Student seeking Mastery

I fear not the man who has practiced 10,000 kicks once, but I fear the man who has practiced one kick 10,000 times.

In 1993, Anders Ericsson published “The Role of Deliberate Practice in the Acquisition of Expert Performance” in the journal Psychological Review. As the benchmark for understanding mastery, he debunked that extraordinary people were naturally gifted. His research found that deliberate practice over the course of years in elite performers made them elite in their fields. Many of these performers complete their journey in 10 years, do the maths and work on it four hours a day - if you are working 8 hours a day, you’ll have it mastered in 5.  Time spent on what you are trying to master is correlated with hours invested. Michaelangelo once said “If the people knew how hard I had to work to gain my mastery, it wouldn’t seem so wonderfull at al”. What he talks about is completely obvious to us all, and we still talk to ourselves saying “Wow, that’s too hard”.  In my previous post, I talked about blocking your time, dedicate those 4 hours a day to testing and you will become a master.

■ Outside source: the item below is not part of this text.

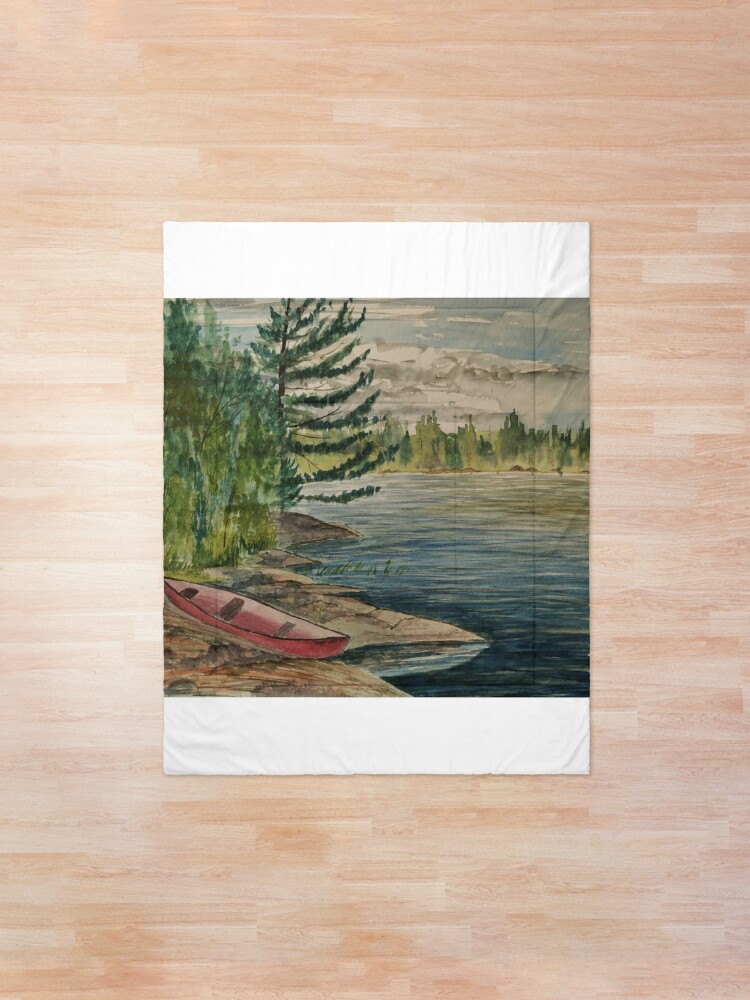 Alternate view of Old canoe on Rathbun Lake Comforter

When you are testing, you follow instructions from your test manager. Understand that following instructions won’t get you to mastery any more than trying to get to the moon with a car. Testing is science, it is about learning: Take things apart, question how they work, question why they work in that way, put them together in different ways, get a second opinion.

Do Not Restrict yourself to being a steward of what you have been taught, APPLY what you know.

Early in my career as a tester, and I’m sure it applies to you too, you have reinvented test plans, ideas, techniques and documents. To be honest, at the time they weren’t that good, and that’s completely acceptable. Don’t settle for what you already have, there’s always something to be improved.

Many testers have been testing for years now, and they are still reinventing and reworking old ideas. Keep at it.

Seek the best way of doing things

Earlier in my career, I often got asked “Are you doing this in the best way you can do it or are you doing this in the best way it can be done?”. I did not know what this meant and this question confused me alot. Similar to the way that a programmer’s offer different technical solutions to tackle a business problem, the same way can be done for testing.

The Path to mastering something is the combination of not only doing the best you can do at it, but also doing it the best it can be done

Highly productive people don’t accept the limitations of the natural approach as the final word on their success. What I mean by this is - Why should you be happy that a buggy product will be released? People argue that it is not the tester’s job to assure quality, that it is not the tester’s job to get bugs fixed and that it’s up to the others but I think that’s wrong.  In my previous post, I described turning your report into a quality offer - I found my bugs not getting fixed and I fight for them to get fixed.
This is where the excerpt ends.